Now that we have our lambda defined, the missing part is creating the CloudWatch event rule which will listen to all events in our repository and triggers a lambda every time an event occurs. For that we are going to add both aws_events and aws_events_targets to the import statement.

from aws_cdk import core, aws_iam, aws_lambda, aws_events, aws_events_targets

​ Then we define the rule by defining the pattern first, then the actual rule ​

pattern = aws_events.EventPattern(
    resources=[codecommit_repo_arn],
    source=['aws.codecommit']
)
aws_events.Rule(
    self,
    id='cloudwatch-rule',
    event_pattern=pattern,
    targets=[aws_events_targets.LambdaFunction(lambda_function)]
)

Now that our stack is fully defined, we can start working on the other files. ​

First of all, we’re going to put some configuration in the cdk.json file, notably the repository arn and the slack webhook url using the context mechanism offered by CDK

{
    "app": "python3 app.py",
    "context": {
        "codecommit_repo_arn": "arn:aws:codecommit:<region>:<account>:<repository_name>",
        "slack_webhook_url": "<slack_webhook_url>"
    }
}

Then we’re going to try to access those from the app.py and extract information in there

codecommit_repo_arn = app.node.try_get_context('codecommit_repo_arn')
slack_webhook_url = app.node.try_get_context('slack_webhook_url')
​repository_details = core.Arn.parse(codecommit_repo_arn)
account = repository_details.account
region = repository_details.region
repository_name = repository_details.resource

​ And we’re also going to define the path of our aws lambda’s source code

import osproject_root_path = path.dirname(path.realpath(__file__))
lambda_source_code_path = path.join(project_root_path, 'lambda_handler')
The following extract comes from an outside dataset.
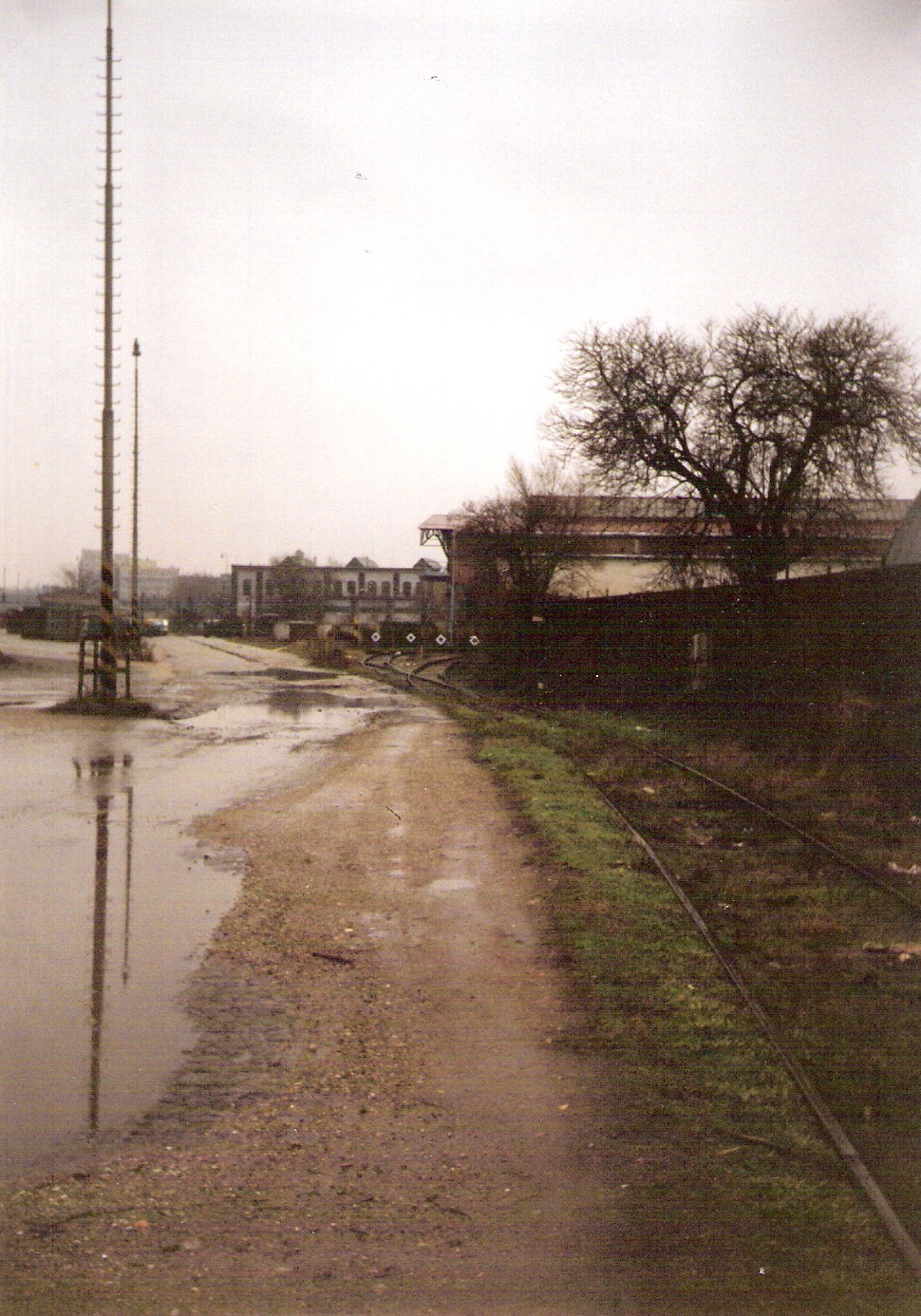  Bratislava filiálka - pohľad z nákladiska, priľahlého k Račianskej ulici na vlečku do Ferony. Vzadu závod BEZ. Foto: M. Entner, 11.1994. 125 x 177, COLOR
The source code of our lambda function can be found here.​

Finally, we’re going to modify the instantiation of our stack to pass all new arguments needed for it. ​

env = core.Environment(account=account, region=region)
CodecommitSlackBotStack(
    app,
    id=f'codecommit-slack-bot-{repository_name}',
    lambda_path=lambda_source_code_path,
    slack_webhook_url=slack_webhook_url,
    codecommit_repo_arn=codecommit_repo_arn,
    env=env
)
app.synth()

The source code for the project can be found here

Conclusion

Infrastructure as Code (IaC) is powerful, it is capable of keeping track of your infrastructure. With more than one single language, CDK gives developers the ability to define their stacks of infrastructure using their preferred programming language, saving time invested for learning purposes required for using other solutions.